For the problem, I want to calculate the mean for a particular member with a time window of 3 years. For example for the following data frame:
member_id | Feature 1 | Feature 2 | Feature 3 | Date |
---|---|---|---|---|
1 | 0.1 | 0.5 | 0.2 | 1/2/20 |
1 | 0.2 | 0.3 | 0.3 | 1/2/18 |
1 | 0.3 | 0.2 | 0.2 | 1/2/16 |
1 | 0.1 | 0.2 | 0.1 | 1/4/17 |
2 | 0.4 | 0.1 | 0.4 | 1/2/18 |
2 | 0.5 | 0.1 | 0.2 | 1/2/15 |
Taking into consideration of member_id = 1, there are different dates of admissions but we would want to consider only those whose time-window lies in the 3-year gap.
So, for the first row, the member_id = 1 with the date 1/2/20 would have the window from 1/2/20 - 1/2/17. Thus, while taking the aggregate value for the feature, rows 1,2, and 4 would be selected excluding the 3rd row where the date is 1/2/16.

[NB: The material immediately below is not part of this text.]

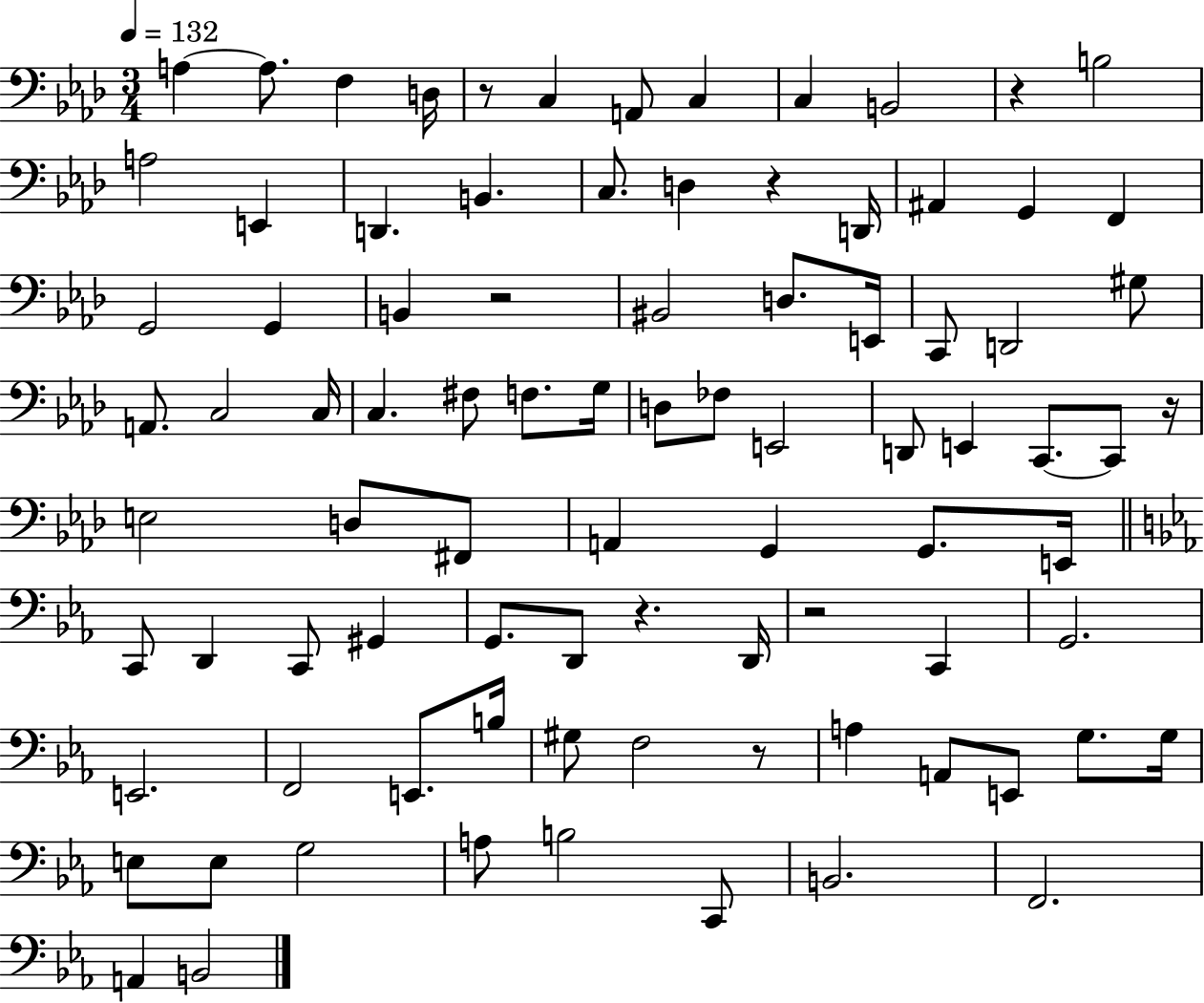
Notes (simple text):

A3/q A3/e. F3/q D3/s R/e C3/q A2/e C3/q C3/q B2/h R/q B3/h A3/h E2/q D2/q. B2/q. C3/e. D3/q R/q D2/s A#2/q G2/q F2/q G2/h G2/q B2/q R/h BIS2/h D3/e. E2/s C2/e D2/h G#3/e A2/e. C3/h C3/s C3/q. F#3/e F3/e. G3/s D3/e FES3/e E2/h D2/e E2/q C2/e. C2/e R/s E3/h D3/e F#2/e A2/q G2/q G2/e. E2/s C2/e D2/q C2/e G#2/q G2/e. D2/e R/q. D2/s R/h C2/q G2/h. E2/h. F2/h E2/e. B3/s G#3/e F3/h R/e A3/q A2/e E2/e G3/e. G3/s E3/e E3/e G3/h A3/e B3/h C2/e B2/h. F2/h. A2/q B2/h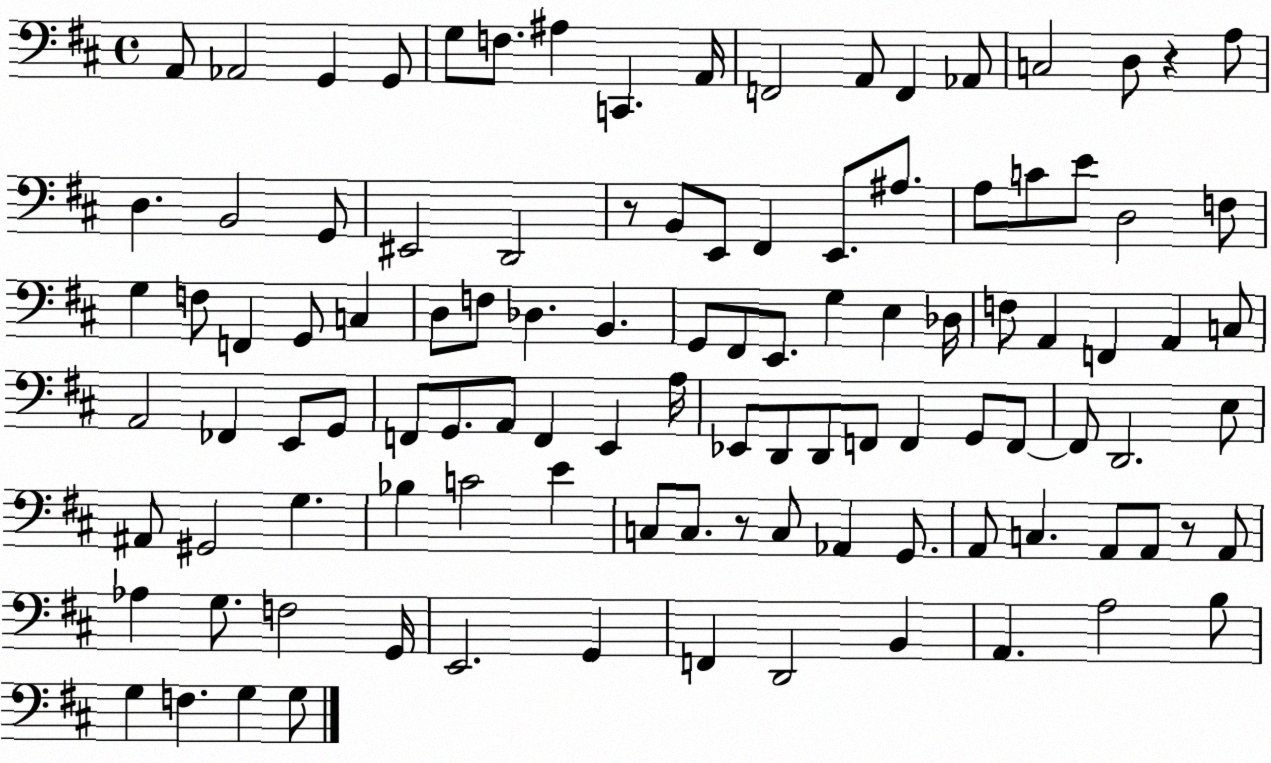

I want the first row values to be like:
member_id | Feature 1_mean | Feature 2_mean | Feature 3_mean | Date |
---|---|---|---|---|
1 | 0.13 | 0.33 | 0.2 | 1/2/20 |
1 | 0.2 | 0.3 | 0.3 | 1/2/18 |
1 | 0.3 | 0.2 | 0.2 | 1/2/16 |
1 | 0.1 | 0.2 | 0.1 | 1/4/17 |
2 | 0.4 | 0.1 | 0.4 | 1/2/18 |
2 | 0.5 | 0.1 | 0.2 | 1/2/15 |
Now, similarly the same for row values 2 and 3 and so forth. The best way I thought would be to, first group by the members and then sort the data. After that iterate through each row calculating the mean.
I had written a sample code but it grouped it by the date causing multiple additional rows.
df['date'] = pd.to_datetime(df['date'])
results = dict()
for start in df['date']:
end = start.date() - relativedelta(years=3)
screen = (df.date <= start) & (df.date >= end) # screen for 3 years of data
singles = df.loc[screen, ['Feature 1', 'Feature 2', 'Feature 3' , 'member_id']] # screen for 3 year window member_id by groups
x = singles.groupby('member_id').mean()
results[start] = x
results = pd.concat(results)
What is the best way to achieve the result?